There is a wide-spread doctrine, a sort of simplified and misunderstood Darwinism, which unduly exalts conflict and makes the " struggle for existence" between groups almost the sole principle of human life. In the form of what may be called state-conflict particularism this idea has had a considerable influence on recent history, through influencing, largely, the policy of the German Empire, and leading up to the Great War.

The evolution or progress of nations, according to this teaching, takes place through a struggle for existence among the contending states, in which the strongest and

(242) best survive, and impose their institutions on others. This makes for the general good of mankind, because it is the only way by which better, forms of life can supplant the inferior. Might is based on right and is the proof of it, since there is no kind of virtue that does not count in the supreme test of war.

Thus the theory singles out the conflict of states from the rest of the process, saying: " Here is the one thing needful; let us put our whole energy into this; nothing else really counts." Everything is bent toward national power in the form of armaments and of militant industry and trade institutions, literature, art, research, education, family life, the every-day thought and sentiment of the people, all are enlisted and drilled.

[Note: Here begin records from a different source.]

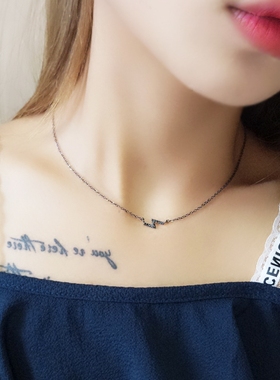 s925纯银个性几何黑色符号吊坠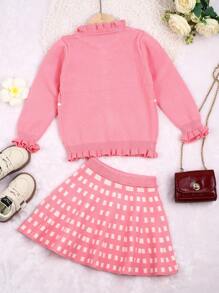 Baby Girls' Geometric Jacquard Frill Hem Sweater Set - Pink - View 2
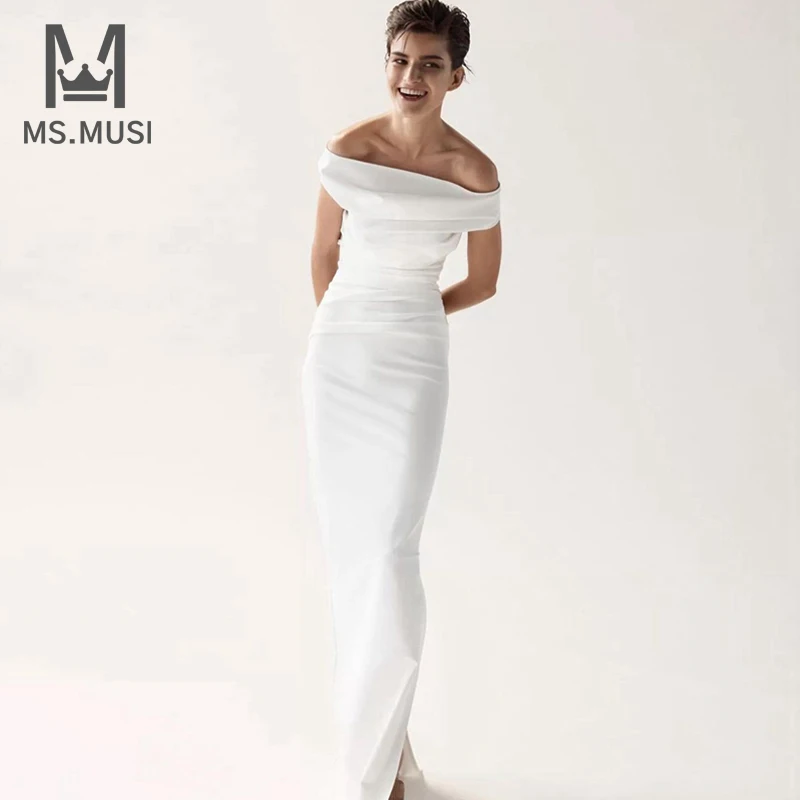 MSMUSI 2024 новое модное женское сексуальное платье с открытыми плечами и драпировкой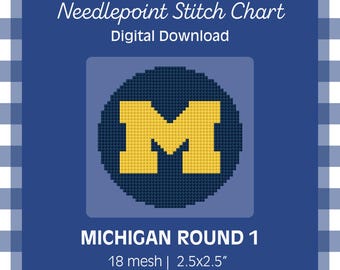 Motif PDF - Michigan Round 1 - Design de point Wolverines de l'Université du Michigan - Téléchargement numérique
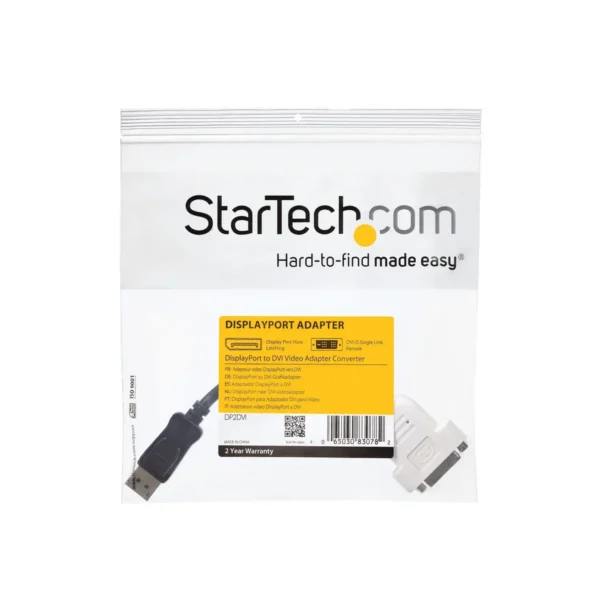StarTech.com DisplayPort to DVI Adapter – DisplayPort to DVI-D Adapter/Video Converter – 1080p – DP 1.2 to DVI Monitor/Display Cable Adapter Dongle – DP to DVI Adapter – Latching DP Connector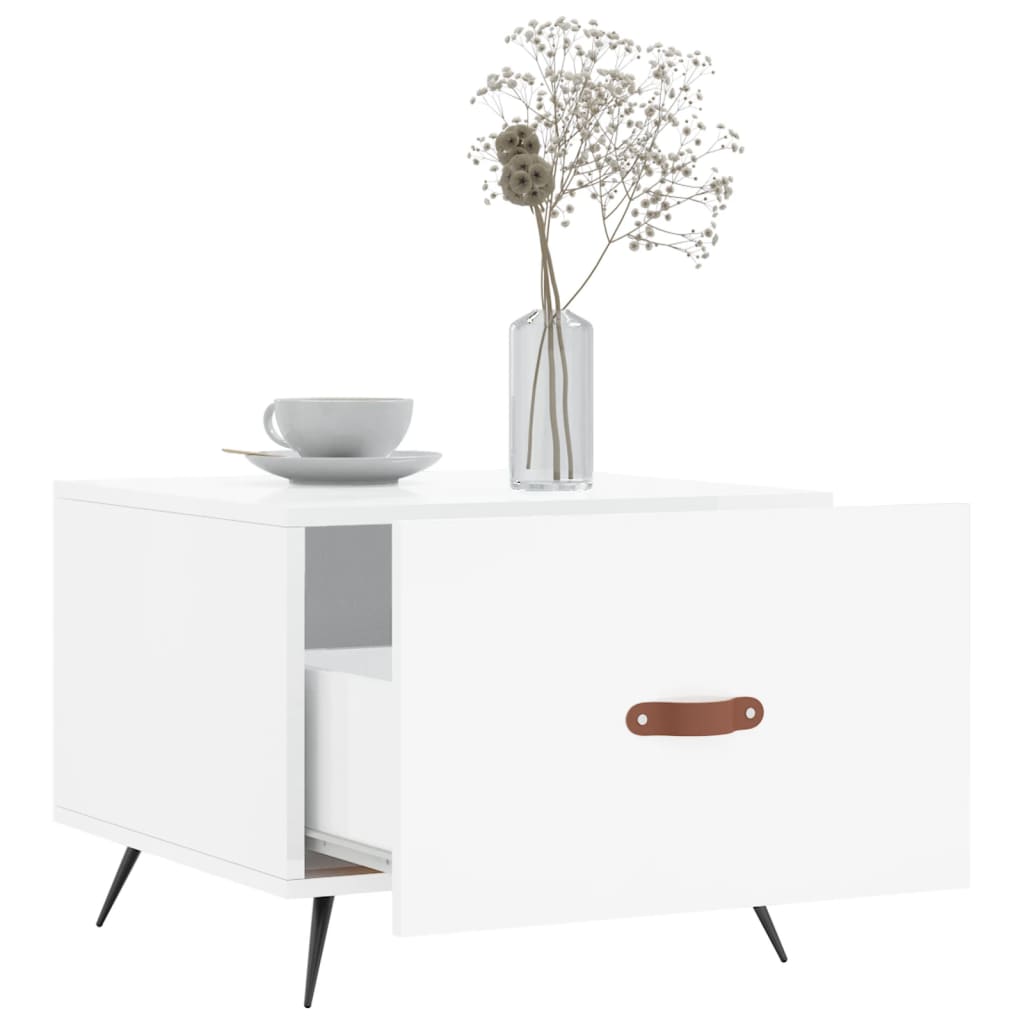 Tavolini Salotto 2pz Bianco Lucido 50x50x40cm Legno Multistrato 829337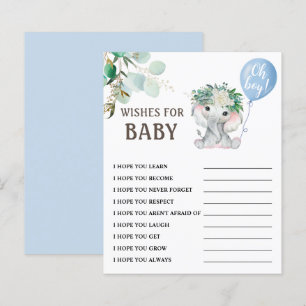 Papier Voeux pour bébé jeu Baby shower éléphant garçon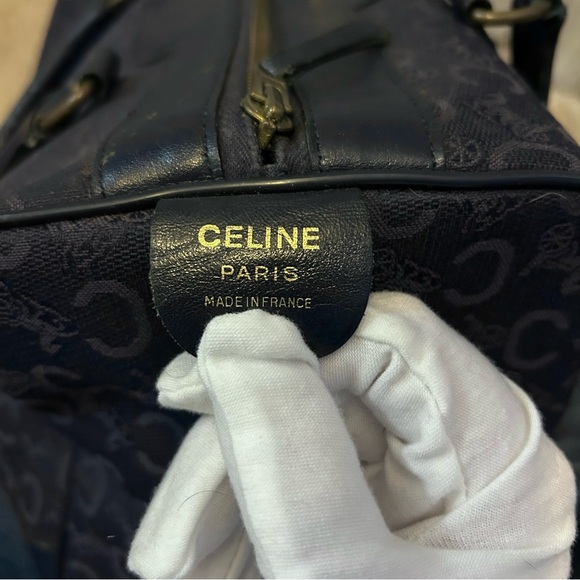 CELINE Authentic Vintage C Macadam Navy Blue Canvas Leather Trim Boston Bag Tote - Picture 8 of 17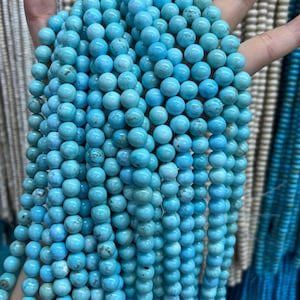 Blue Turquoise Round Beads Healing Energy Gemstone Loose Beads For Bracelet Necklace DIY Jewelry Making 4mm 6mm 8mm 10mm Bulk Lot Options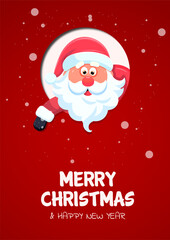 Merry Christmas and Happy New Year greeting card with Santa Claus. Vector illustration. on the red background.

It follows, moreover, that all morality is secondary to that success of the state which is the supreme good. Where this is concerned scruples are but weakness, and any method is right that gets results. Weak nations cumber the earth and ought to succumb to strong ones. Their ruin is painful, but salutary, even to themselves in the long run, for the conquerors will make amends by incorporating them into their own better system.

Under this creed a formidable organism is built up which may win in war and peace, and thrive for generations, but is doomed to fail sooner or later because it is adapted to only a part of life, and not to the whole process. It neglects the dependence of nations upon one another, and upon civilization as a whole. Its trend to force and to national egoism presently alienates other states and prepares, a hostile combination. The outraged principle of moral unity reacts by imposing moral isolation, with the external antagonism and inward degeneration which that involves. The community of nations being aroused

( 243) to assert itself against the disloyal member, the theory proves misleading and action upon it disastrous.

And yet we must use special points of view, and that of group conflict has an advantage in the way it illumines the general situation. War is not the whole of the drama, but, in the past at least, it has been the crisis, the test that brought everything into action and showed what the previous development had been. Growth goes on for generations and peaceful struggles of many sorts take place -industrial rivalry, competition of classes and parties, conflict of ideas and sentiments-all having important results, which, however, remain for the most part obscure. But let a war break out between rival groups and they summon every element of power to the test, so that we soon learn where, as regards the development of total force, we have arrived. It is a partial view., but revealing, and even the moral elements are more fully displayed than at other times.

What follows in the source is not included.